Instructions to follow = An exact reprint of every record below is required, with the pictures left out.

□ □ □ □ □ □ □

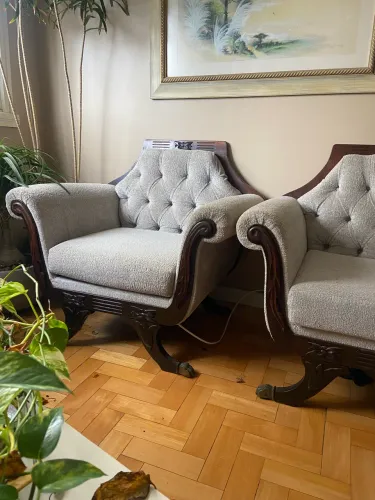Conjunto Sofá/Poltronas Luís XV Pata de Leão 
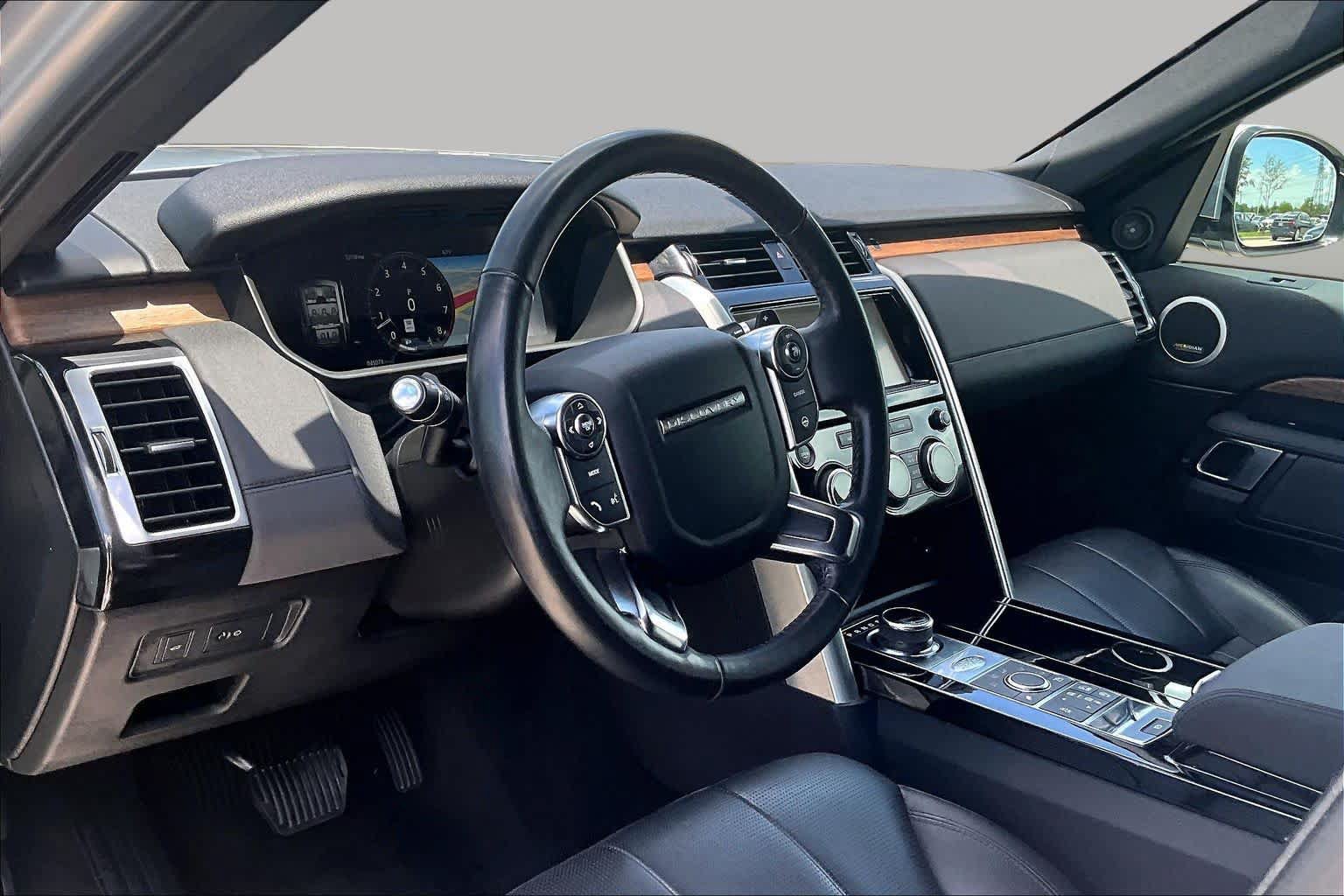 Used 2018 Land Rover Discovery HSE AWD/4WD image 17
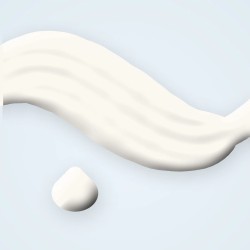 Crème mains et ongles satinée au beurre de karité – Halvène, aperçu de la texture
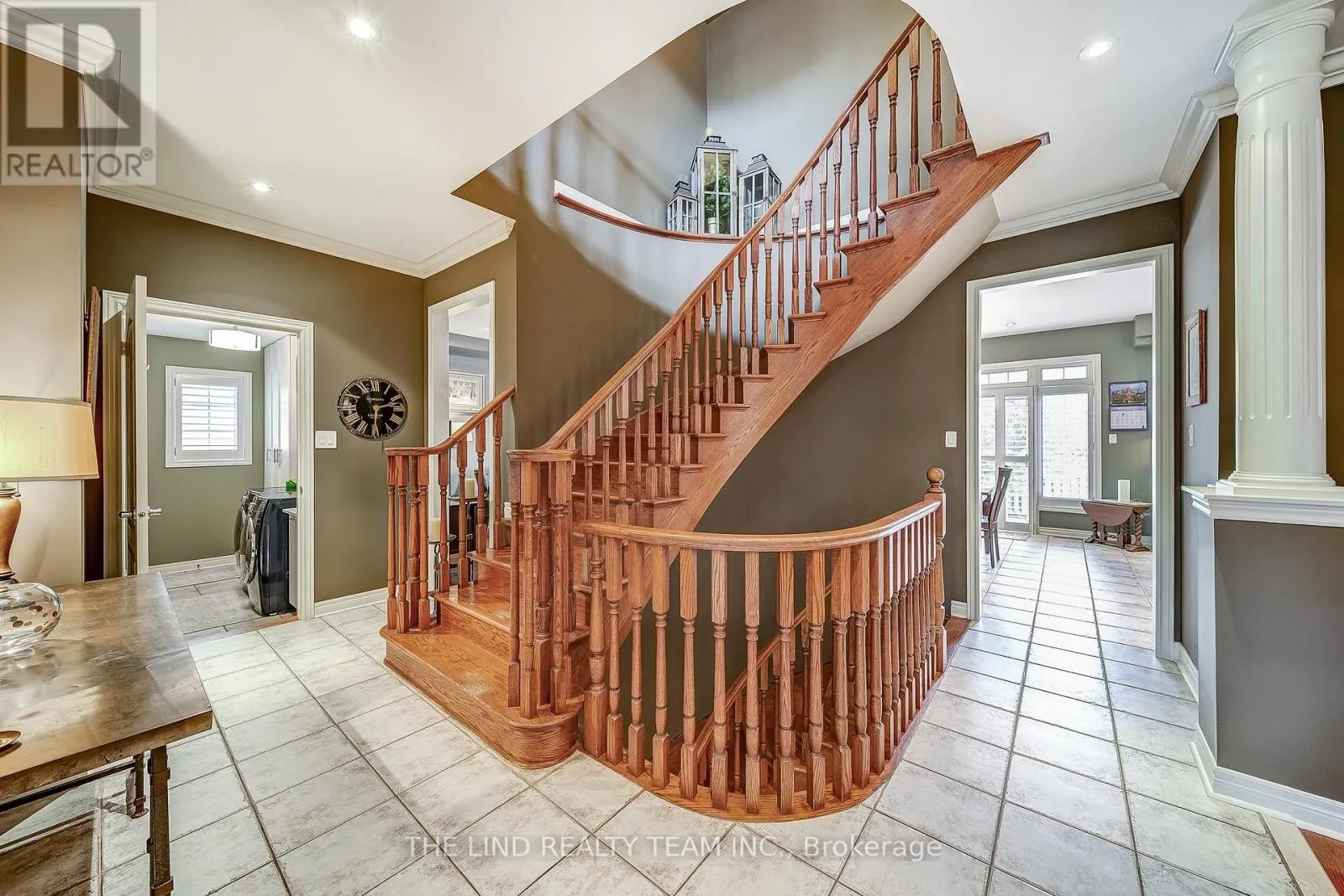 276 WILLIS DRIVE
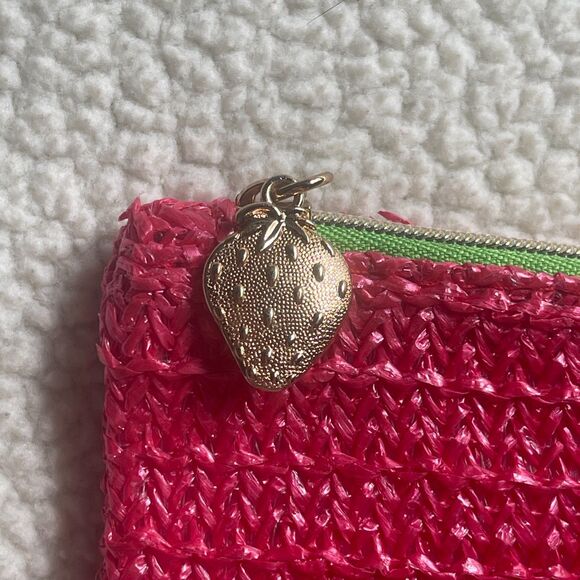 RARE Ipsy Glam Bag –March 2025 – Strawberry-Inspired Faux Straw Pouch with Charm - Picture 3 of 7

□ □ □ □ □ □ □

Output below =
Conjunto Sofá/Poltronas Luís XV Pata de Leão 
 Used 2018 Land Rover Discovery HSE AWD/4WD image 17
 Crème mains et ongles satinée au beurre de karité – Halvène, aperçu de la texture
 276 WILLIS DRIVE
 RARE Ipsy Glam Bag –March 2025 – Strawberry-Inspired Faux Straw Pouch with Charm - Picture 3 of 7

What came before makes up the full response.